Tate Britain has been in the news this week – but the biggest story was the least reported. Amid all the excitement about Tracey Emin’s My Bed returning “home”, the Millbank museum more quietly revealed that its director Penelope Curtis is to leave after just five controversial years.
Curtis had become the focus of interest at Tate Britain in a way that wasn’t healthy for her or the museum. Her record was actually mixed: she improved the main collection displays, putting more of the Tate’s collection on view. That was good.
There were some dodgy exhibitions, such as Art Under Attack.
But what troubled me most was how strongly the museum reflected her personal enthusiasms: Curtis is an expert on sculpture who came to the Tate from the Henry Moore Institute, and under her direction Tate Britain has strongly pushed Moore and other British sculptors, culminating in the widely reviled Sculpture Victorious and, soon, an uneagerly awaited Barbara Hepworth show.
It is arrogant to so ostentatiously push your personal taste as the official Tate Britain view, when in my opinion, that taste is so poor. Her bad taste has also, I think, been evident in ever-worsening Turner prize shortlists. Turns out you need taste to run a museum.
Anyway, Curtis is going. But that will not solve this museum’s problems.

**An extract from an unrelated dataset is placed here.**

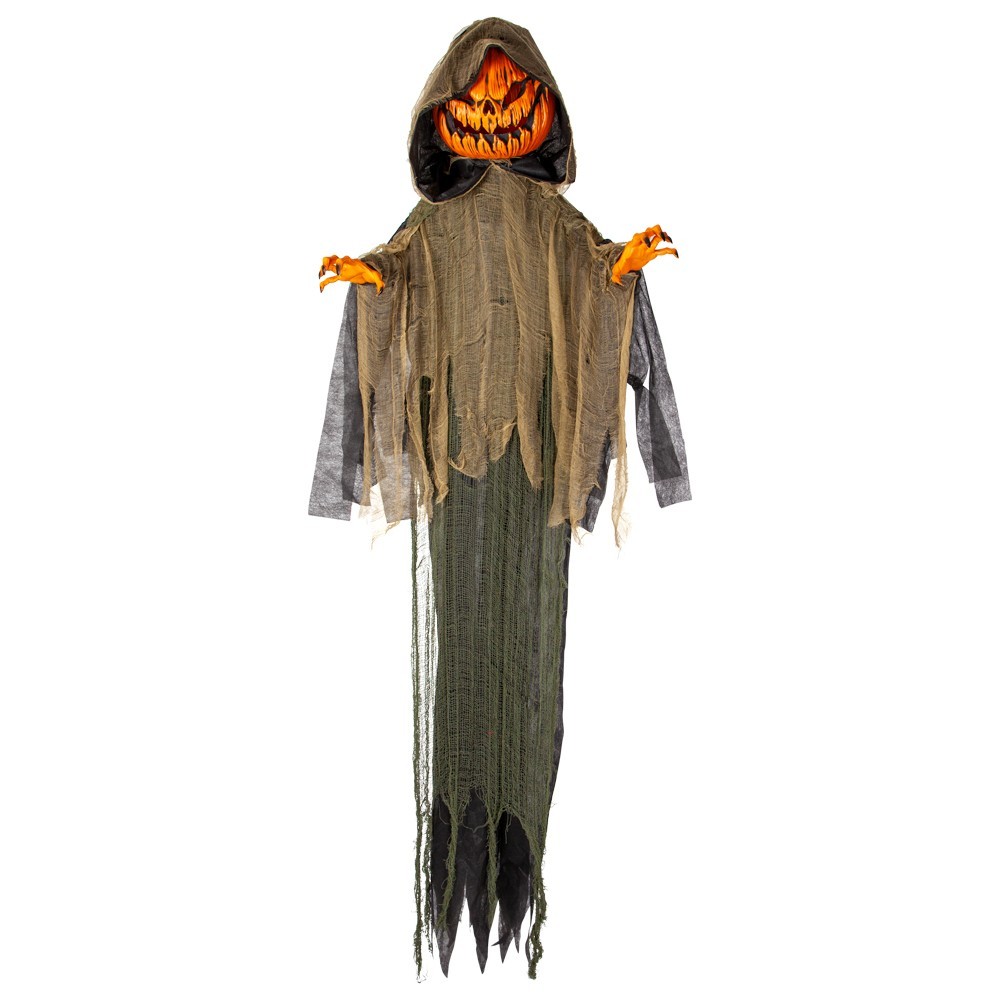ANIMATED HANGING PUMPKIN MAN Prop Halloween Decoration 7FT Sound Terror Scary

For the weaknesses of Tate Britain long predate Penelope Curtis. It has never taken off. In the 15 years since Tate Modern opened, its sister gallery has failed to establish an identity. Tate Britain is too many things. It’s the residue of the old Tate Gallery itself, in its old building. It’s the home of the Turner prize, where Emin’s bed made a splash in 1999. It’s a historical collection of British art since 1500. It’s a showcase for young artists. Wanting to be all these things, Tate Britain has become nothing special – nothing unique. It lacks passion, purpose, focus, energy.
Above all, it lacks fun. Tate tends to identify fun with youth, conceptual art and lots of videos, but fun is more complicated than that. People enjoy museums for their space, richness, and variety. The V&A, for instance, is an utterly beguiling museum because it is like a vast cabinet of curiosities where you can always be sure of finding some odd gallery of, say, Victorian barometers you never knew existed. The British Museum is a similarly capacious place where you can wander from Africa to ancient Greece in a few footsteps.
These places offer richness, while Tate Britain, ever since it became Tate Britain, has always felt thin and parched. Its displays – despite their improvement – have a didactic narrowness. They do not offer enough scope for encountering the unexpected.
It should be possible to really lose yourself here in the art of Britain, to wander and play and not feel all the time like some curator is telling you what to think.
Tate Britain needs to appoint someone with a real interest in how museums can win hearts. It needs to set out to seduce, to amaze, to mystify. British art is full of wonders, and frankly, this museum needs to either truly believe and share that, or give away its collection and close down.